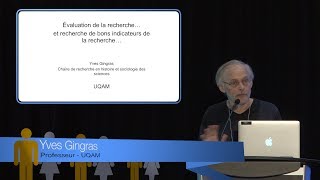 Les publications scientifiques et la mesure de l’impact des recherches : portée et limites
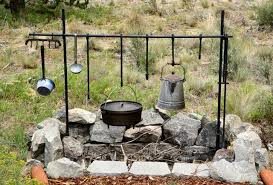 Oak firewood juniper firewood starters starter packs new color packs new yukon 30 accessories + fire pit replacement parts. Campfire Irons Campfire Cooking Equipment Bbq Setup Campfire Cooking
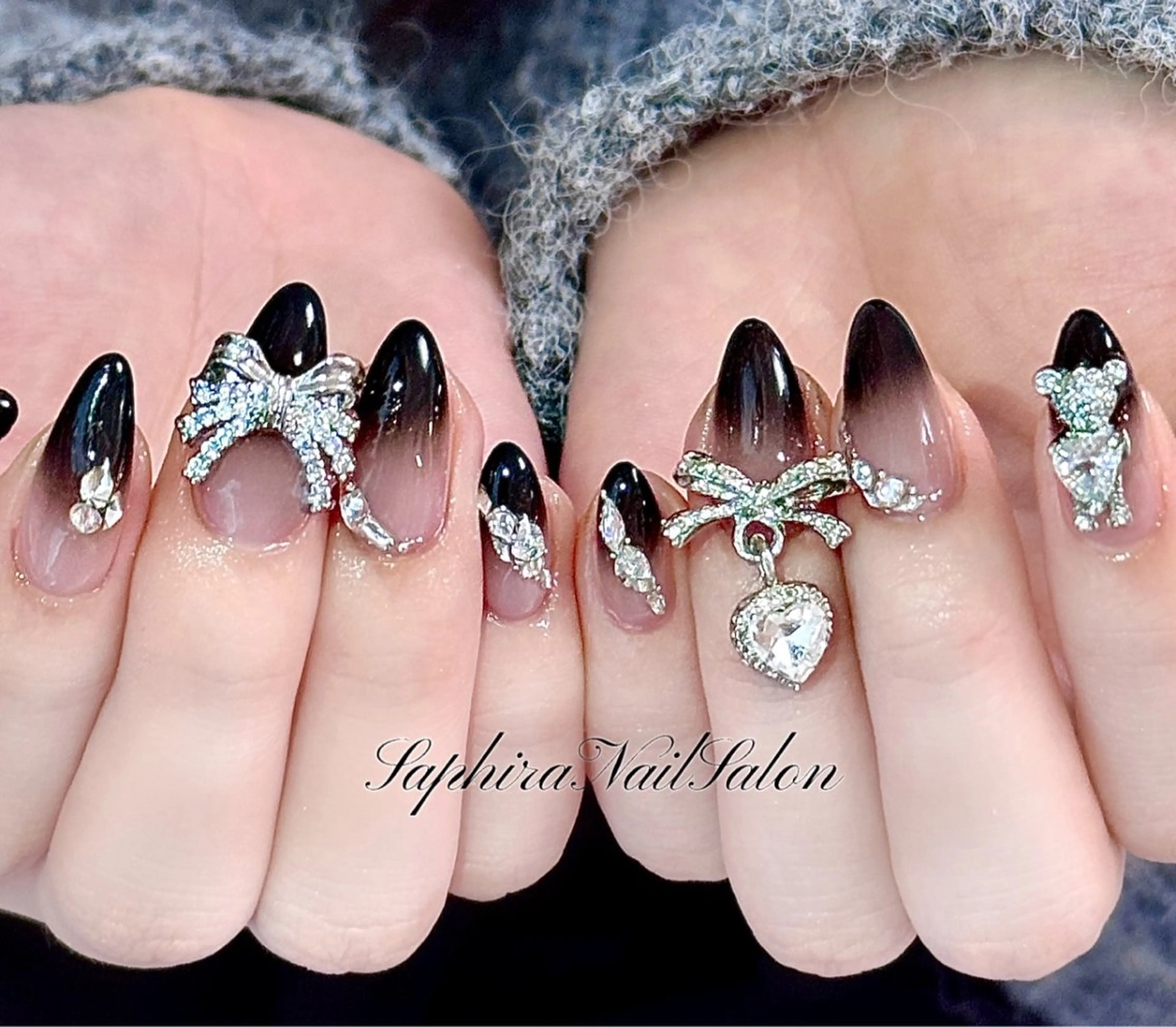 カラー SaphiraNailSalon所属・Saphiraネイル サロン錦糸町のネイルデザイン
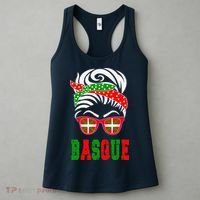 Basque Country Flag Basque Girl Women's Tank Top thumb 3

**WORK REQUIRED:**
Without the pictures, output the full listing exactly as it stands.

**TASK OUTPUT:**
 Les publications scientifiques et la mesure de l’impact des recherches : portée et limites
 Oak firewood juniper firewood starters starter packs new color packs new yukon 30 accessories + fire pit replacement parts. Campfire Irons Campfire Cooking Equipment Bbq Setup Campfire Cooking
 カラー SaphiraNailSalon所属・Saphiraネイル サロン錦糸町のネイルデザイン
 Basque Country Flag Basque Girl Women's Tank Top thumb 3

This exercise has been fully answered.